Notre cerveau reptilien, et dans le meilleur des cas notre système limbique, seraient-ils les seuls que nous sollicitons devant le flux d’informations reçu d’Internet ? Tout se passe comme si nous mettions notre néocortex en sommeil et que l’émotion prenne le pas sur la raison.
La prise de décision, l’esprit critique, le raisonnement sont des phénomènes complexes qui commencent seulement à être compris. Les progrès récents des neurosciences ont permis de localiser les centres de certains mécanismes. (1)
La prise de décision par exemple peut être considérée comme instinctive. Elle ne sollicite que notre cerveau reptilien et pour partie notre système limbique. C’est compréhensible quand on se remémore que cette partie de notre cerveau à 400 millions d’années d’évolution (en tous cas pour la première) et que nos lointains ancêtres reptiles devaient déjà prendre des décisions rapides et vitales : proie ou prédateur ? Comestible ou empoisonné ? Fuir ou attaquer ?
Presque rien n’a changé depuis; nous prenons les décisions, même importantes, inconsciemment et nous les rationalisations ensuite. Cette rationalisation fait appel à notre néocortex qui est lui spécifiquement humain et n’a « que » 3,6 millions d’années d’évolution, moins de 1% de celle de notre cerveau reptilien.
Par exemple, nous allons visiter un appartement. Il va nous plaire sur un « coup de cœur » que nous ne savons pas expliquer. A ce stade notre néocortex reste en sommeil.

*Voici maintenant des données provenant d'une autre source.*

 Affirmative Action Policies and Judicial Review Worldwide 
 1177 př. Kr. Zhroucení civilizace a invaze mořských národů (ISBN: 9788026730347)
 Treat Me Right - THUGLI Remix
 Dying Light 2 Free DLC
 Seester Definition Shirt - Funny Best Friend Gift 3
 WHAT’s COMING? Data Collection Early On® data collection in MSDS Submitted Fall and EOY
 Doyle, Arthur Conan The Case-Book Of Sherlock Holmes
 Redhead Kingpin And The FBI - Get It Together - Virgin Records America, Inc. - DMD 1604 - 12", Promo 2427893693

Par contre pour concrétiser cette décision nous allons faire appel à lui : les transports sont-ils proches, puis-je le financer, Y a-t-il de bonnes écoles… Notre décision instinctive/émotionnelle ne sera confirmée que s’il n’existe pas trop de raisons rationnelles de ne pas la prendre. Mais ne nous trompons pas, ce n’est pas le néocortex qui nous fais prendre la décision, il peut simplement annuler progressivement une décision de notre système reptilien / limbique.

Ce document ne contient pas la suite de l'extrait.